**ASSIGNED TASK:**
When you print the records below, keep every word exact and leave out the images.
[Start of Attachment]
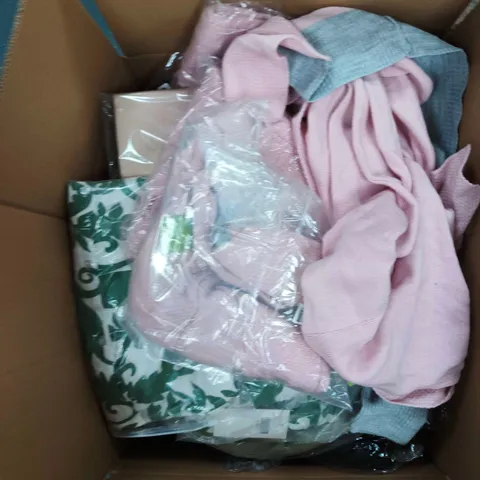 BOX OF APPROXIMATELY 20 ASSORTED ITEMS TO INCLUDE: &MAISI JUMPER 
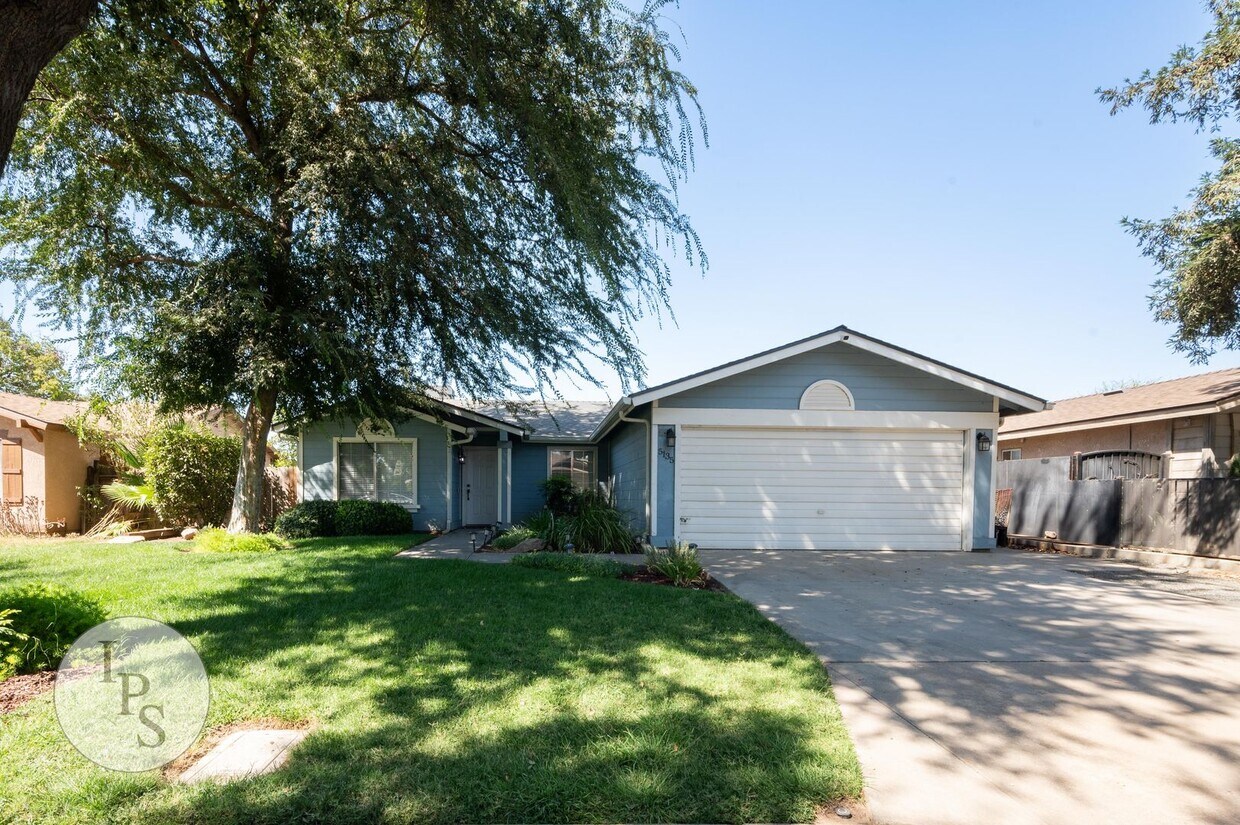 Primary Photo - Fresno Sunnyside Home, 4BR/2BA, Built 1992...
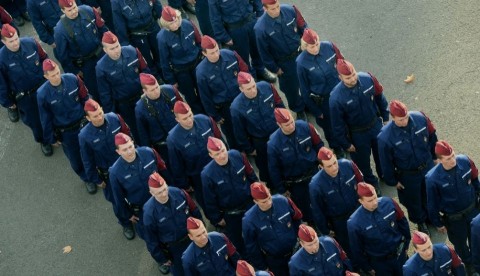 készenléti rendőrség (készenléti rendőrség)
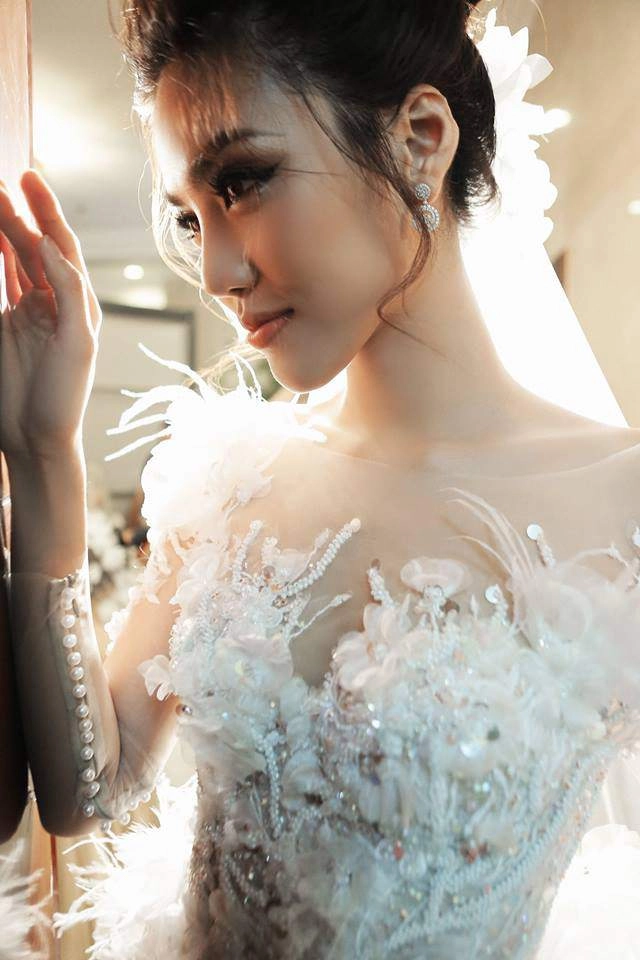 Hot ngoài nhã phương còn 1 cô dâu tháng 10 nữa vừa lộ nhan sắc đẹp nao lòng
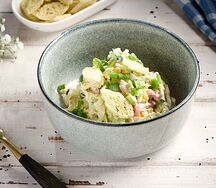 Салат с копчёной курицей, пекинской капустой и сухариками с чесноком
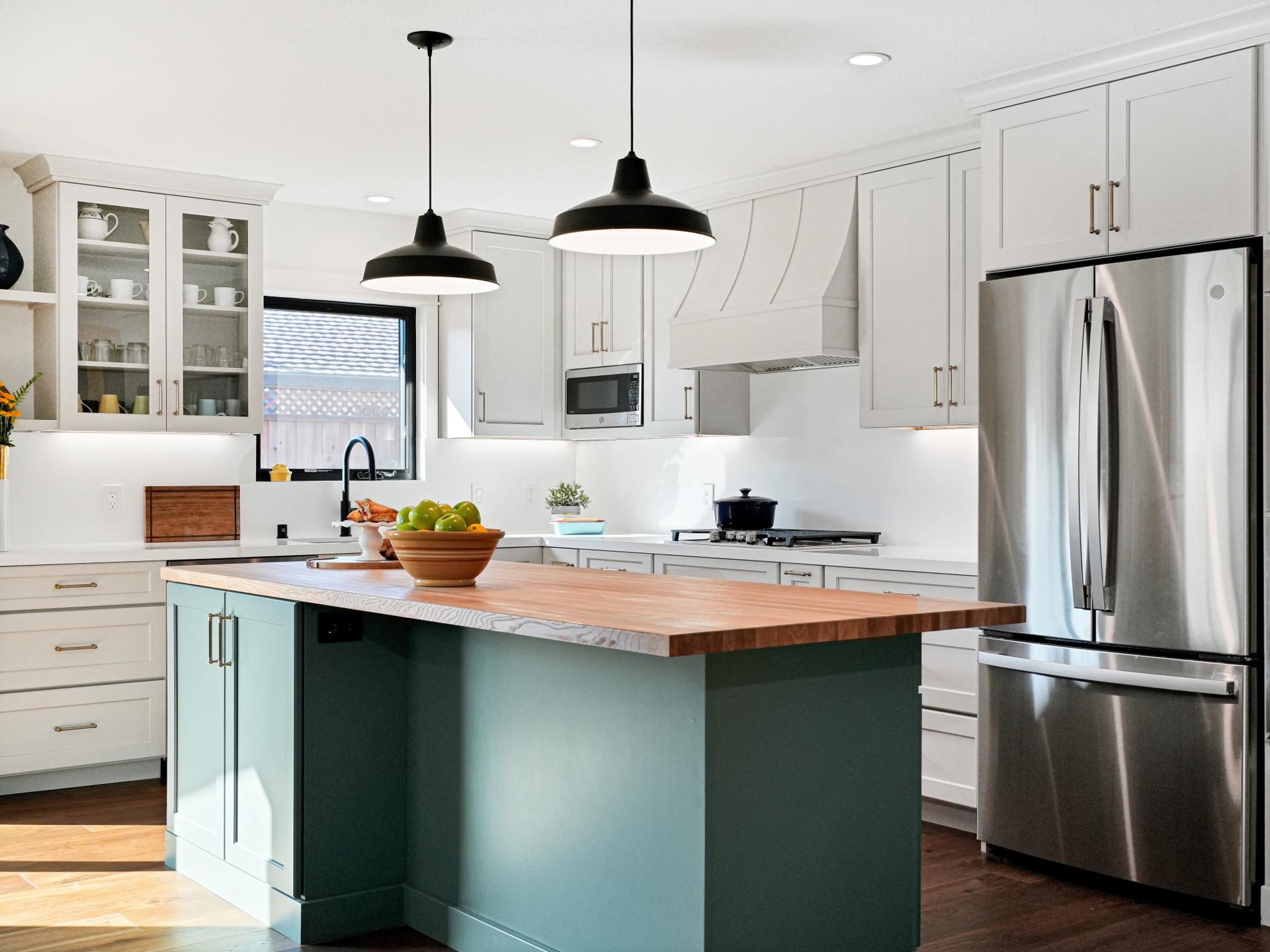 Verde kitchen — refined residential design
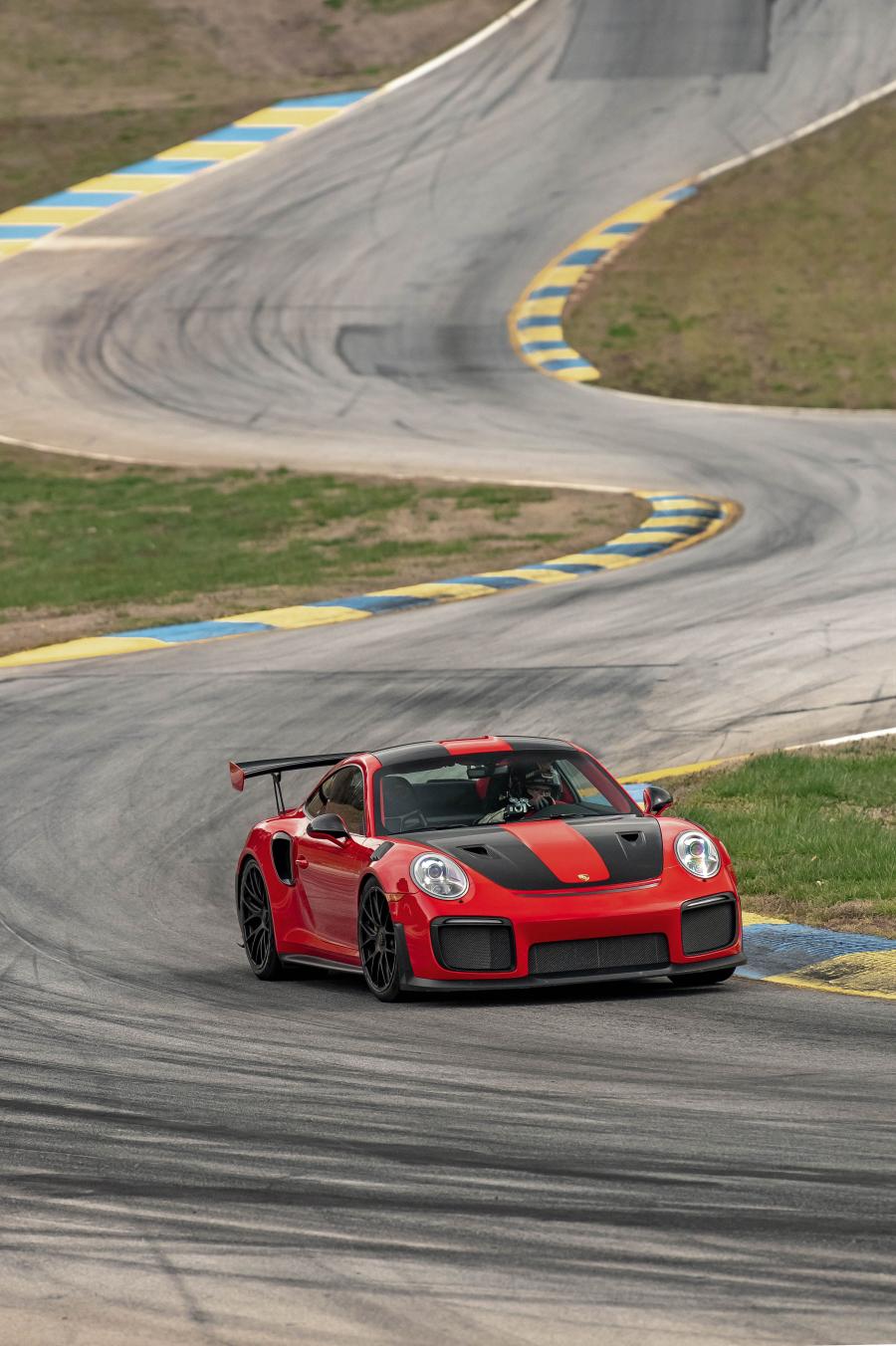  Porsche 911 GT2 RS (991) 2017 года  (NA) (фото 42 из 42)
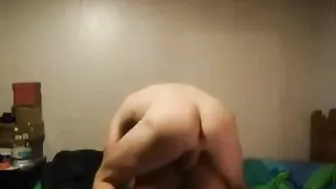 Mature white daddy barebacks young Asian twink in amateur anal scene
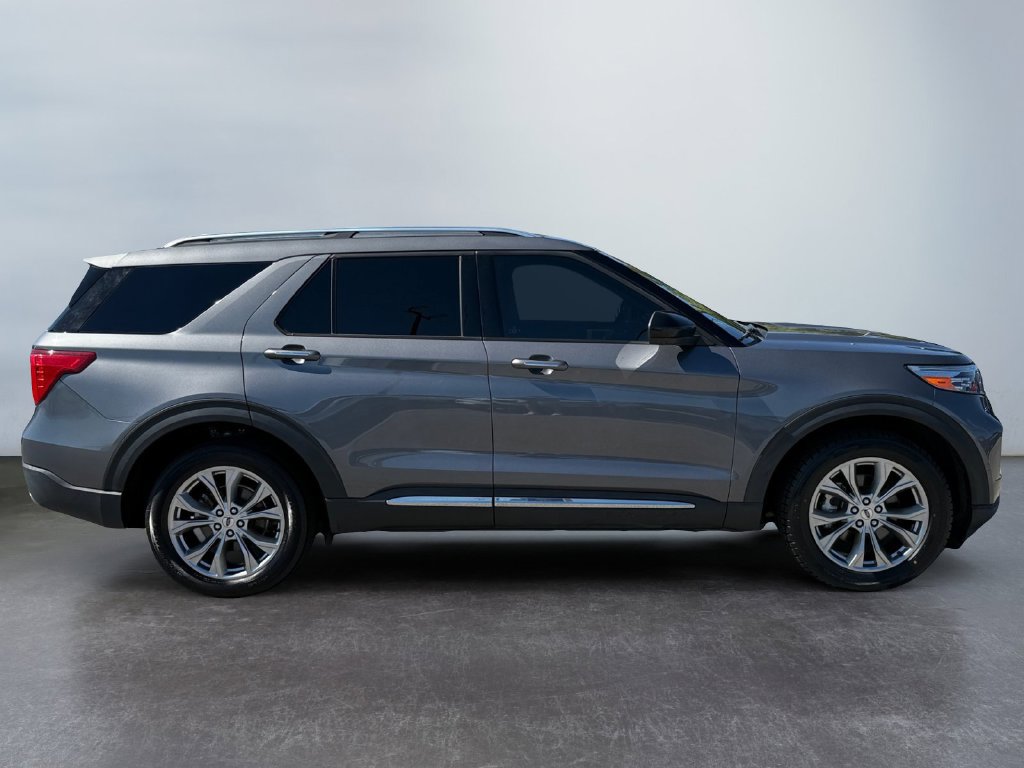 Used 2022 Ford Explorer Limited AWD/4WD image 2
[End of Attachment]
**REPLY TO THE EXERCISE:**
 BOX OF APPROXIMATELY 20 ASSORTED ITEMS TO INCLUDE: &MAISI JUMPER 
 Primary Photo - Fresno Sunnyside Home, 4BR/2BA, Built 1992...
 készenléti rendőrség (készenléti rendőrség)
 Hot ngoài nhã phương còn 1 cô dâu tháng 10 nữa vừa lộ nhan sắc đẹp nao lòng
 Салат с копчёной курицей, пекинской капустой и сухариками с чесноком
 Verde kitchen — refined residential design
  Porsche 911 GT2 RS (991) 2017 года  (NA) (фото 42 из 42)
 Mature white daddy barebacks young Asian twink in amateur anal scene
 Used 2022 Ford Explorer Limited AWD/4WD image 2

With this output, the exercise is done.